## SOURCE DATA

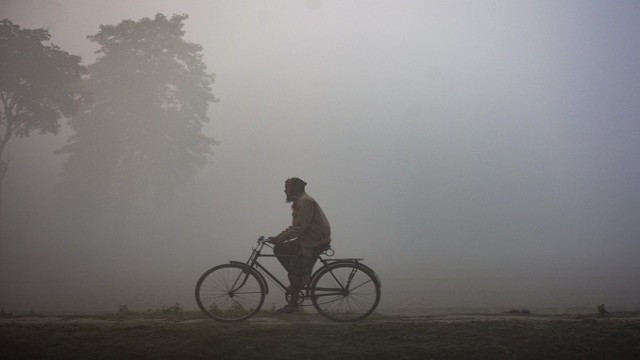 Temperature in Dinajpur drops to 10 degrees Celsius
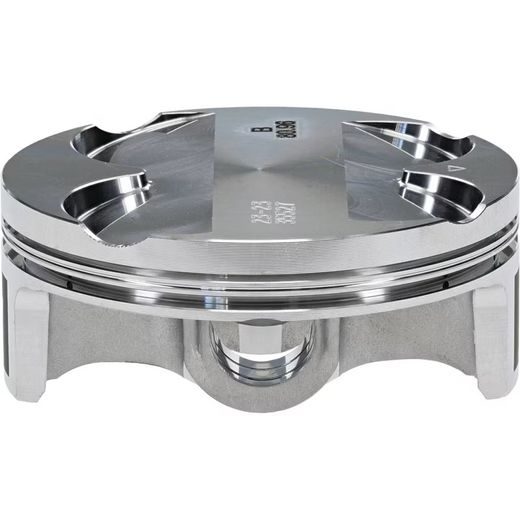 Complete piston VERTEX 24637B Cylinder 81, piston 80,96 mm (Big Bore)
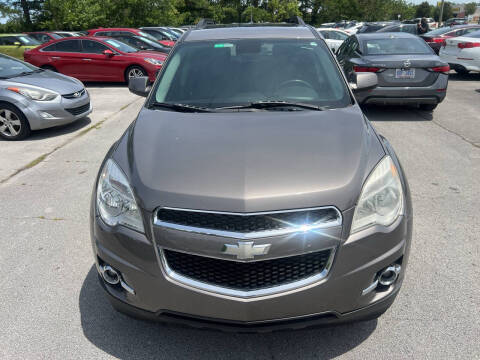 2012 Chevrolet Equinox LT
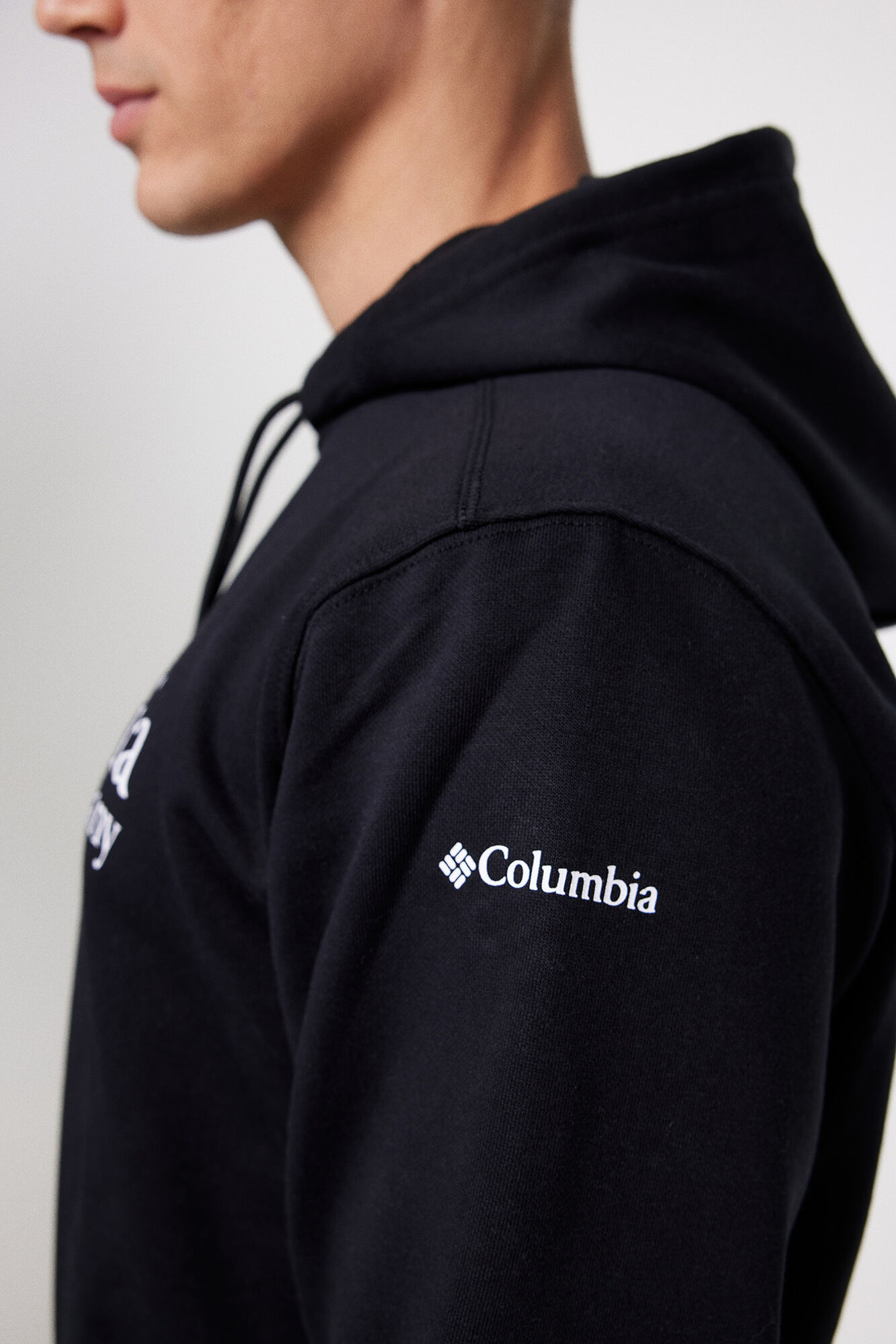 Moletom com capuz Columbia™ CSC Basic Logo™ II para homem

## WHAT TO WORK ON
Would you repeat each line of the listing exactly, skipping any picture?

## TASK RESULT
 Temperature in Dinajpur drops to 10 degrees Celsius
 Complete piston VERTEX 24637B Cylinder 81, piston 80,96 mm (Big Bore)
 2012 Chevrolet Equinox LT
 Moletom com capuz Columbia™ CSC Basic Logo™ II para homem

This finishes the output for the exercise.